Ne de olsa klanın kaderi Han Yufei’nin omuzlarındaydı.
Sanatta ustalaşamazsa başları büyük belaya girerdi.
“Herhangi bir itiraz var mı?”
Babasının sesi odada derinden yankılanırken, Han Yufei bakışlarını kitaba odakladı ve sessizce dişlerini sıktı.
‘Ne pahasına olursa olsun bu işte ustalaşmalıyım…’
Şu anda diğer klanların tehdidi altında olan klanının kaderi ve kendisi için.
Bunu yapmak zorundaydı.
***
Büyük bir deponun önünde, siyah bir sedan, motorunun sesiyle birlikte kükredi.
Hiçliğin ortası olduğu için ses fark edilmedi.

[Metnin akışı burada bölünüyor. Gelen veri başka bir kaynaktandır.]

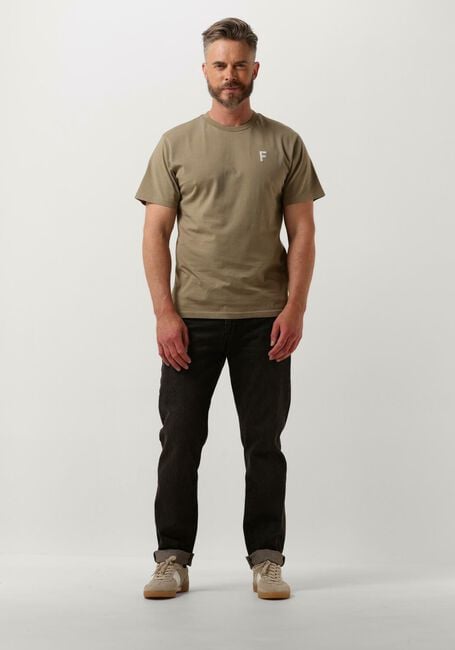 FORÉT T-shirt PONDER T-SHIRT en vert - large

Araba depo otoparkının önünde durduğunda, kapısı yavaşça yükseldi ve içerideki bir figür ortaya çıktı.
Sizi ne zaman almamı istersiniz, genç efendi?”
“Şimdilik burada bekleyebilirsin. Uzun süreceğini sanmıyorum.”
Jin arabadan indi ve elini kaputunun üzerine koydu. Uzaktaki depoya bakarken kaşları çatıldı.
‘Oldukça bakımlı görünüyor.’
Uzaktaki depoyu incelemek için biraz zaman ayıran Jin’in kafası karışmıştı. Telefonunu çıkarıp konumu iki kez kontrol ettikten sonra, kafa karışıklığı ancak doğru yerde olduğunu fark ettiğinde büyüdü.
‘Bunlar gerçekten onun karargahı mı?’
Buna inanamadı. Ren kadar zengin birinin karargahı olarak böyle bir yere sahip olması…
Ne kadar ucuz bir patendi?
“Peki, her neyse.”
Telefonunu bir kenara koyarak eliyle arabaya dokundu ve binaya yöneldi.
“Belki de binaların iç kısımları dış kısımlarından daha iyidir.”